Targeted LC-MS/MS Analysis of Human Plasma Samples
Stable-isotope-dilution LC-MS/MS was used for quantification of PAGln in human (20 μL) plasma. Ice cold methanol containing internal standard (D5-phenylacetylglutamine) was added to plasma samples (80 μL), followed by vortexing and centrifuging (21,000 x g; 4 °C for 15 min). The clear supernatant was transferred to glass vials with microinserts and LC-MS/MS analysis was performed on a chromatographic system consisting of two Shimadzu LC-30 AD pumps (Nexera X2), a CTO 20AC oven operating at 30 °C, and a SIL-30 AC-MP autosampler in tandem with 8050 triple quadruple mass spectrometer (Shimadzu Scientific Instruments, Inc., Columbia, MD, USA). For chromatographic separation, a Kinetex C18 column (50 mm × 2.1 mm; 2.6 μm) (Cat # 00B-4462-AN, Phenomenex, Torrance, CA) was used. Solvent A (0.1% acetic acid in water) and B (0.1% acetic acid in acetonitrile) were run using the following gradient: 0.0 min (0% B); 0.0–2.0 min (0% B); 2.0–5.0 min (0%B→20%B); 5.0–6.0 min (20%B→60%B); 6.0–7.5 min (60%B→70%B); 7.5–8.0 min (70%B→100%B); 8.0–9.5 min (100%); 9.5–10 min (100%B→0%B); 10.0–15.0 min (0% B) with a flow rate of 0.4 mL/min and a 1 μL injection volume. Electrospray ionization in positive mode with multiple reaction monitoring (MRM) was used with the following transitions: m/z 265.2→130.15 for PAGln and D5-PAGln m/z 270.1→130.15. The following ion source parameters were applied: nebulizing gas flow, 3 L/min; heating gas flow, 10 L/min; interface temperature, 300 °C; desolvation line temperature, 250 °C; heat block temperature, 400°C; and drying gas flow, 10 L/min. The limit of detection (LOD; 3:1 signal to noise cutoff) and limit of quantification (LOQ; 10:1 signal to noise cutoff) were 0.010 and 0.033 μM, respectively. Quality control samples were run with each batch of samples and inter-batch variations expressed as coefficient of variation (CV) were less than 10%. For data analysis software Lab Solution (Shimadzu) was used.

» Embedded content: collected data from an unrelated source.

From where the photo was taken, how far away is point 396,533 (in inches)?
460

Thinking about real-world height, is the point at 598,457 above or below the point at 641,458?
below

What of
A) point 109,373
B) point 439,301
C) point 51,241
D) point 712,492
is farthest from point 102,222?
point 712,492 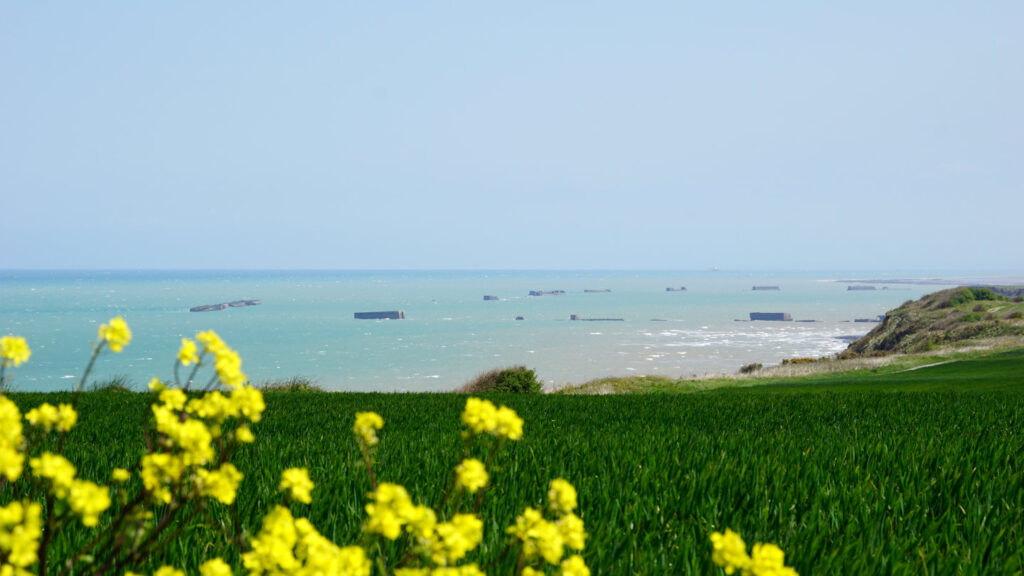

In Vitro Screening of Phenylacetic Acid and Phenylpropionic Acid Production from Phenylalanine by C. sporogenes Mutants
C. sporogenes mutants were grown on tryptic soy blood agar plates (TSBA; Anaerobe Systems, Cat# AS-542) anaerobically for 48 to 72 h at 37 °C. Single colonies were then inoculated into Mega Medium (3 mL) and grown anaerobically overnight at 37 °C. Overnight culture (100 μL) was added to fresh Mega Medium (1 mL) containing [13C9,15N]-Phe (100 μM) and cultured an additional 24 h. Cultured media was centrifuged and the supernatant was pass through 3K centrifugal filters (Amicon Ultra-0.5 mL Centrifuge filters, Ultracel-3K, Merck Millipore Ltd.). Filtrate (20 μL) was subjected to stable-isotope-dilution LC-MS/MS analysis for quantification of [13C8]-phenylacetic acid and [13C9]-phenylpropionic acid. Ice cold methanol containing internal standard ([13C2]- phenylacetic acid; 80 μL) was added to the supernatant, followed by vortexing and centrifuging (21,000 x g; 4 °C for 15 min). The clear supernatant was transferred to glass vials with microinserts. LC-MS/MS analysis was performed on a chromatographic system composed of two Shimadzu LC-30 AD pumps (Nexera X2), a CTO 20AC oven operating at 30 °C, and a SIL-30 AC-MP autosampler in tandem with 8050 triple quadruple mass spectrometer (Shimadzu Scientific Instruments, Inc., Columbia, MD, USA). For chromatographic separation, a Kinetex C18 column (50 mm × 2.1 mm; 2.6 μm) (Cat # 00B-4462-AN, Phenomenex, Torrance, CA) was used. Solvent A (0.1% acetic acid in water) and B (0.1% acetic acid in acetonitrile) were run using the following gradient: 0.0 min(0% B); 0.0–2.0 min (0% B); 2.0–5.0 min (0%B→20%B); 5.0–6.0 min (20%B→60%B); 6.0–7.5 min (60%B→70%B); 7.5–8.0 min (70%B→100%B); 8.0–9.5 min (100%); 9.5–10 min (100%B→0%B); 10.0–15.0 min (0% B) with flow rate of 0.4 mL/min and the injection volume of 1 μL. Electrospray ionization in the negative ion mode was used with multiple reaction monitoring (MRM) using the following transitions: m/z 135.0→91.0 for phenylacetic acid; m/z 143.0→ 98.0 for [13C8]- phenylacetic acid; m/z 149.50→105 and m/z 158→113.0 for phenylpropionic and [13C9]-phenylpropionic acid, respectively and m/z 137.0→92.0 for [13C2]- phenylacetic acid (internal standard).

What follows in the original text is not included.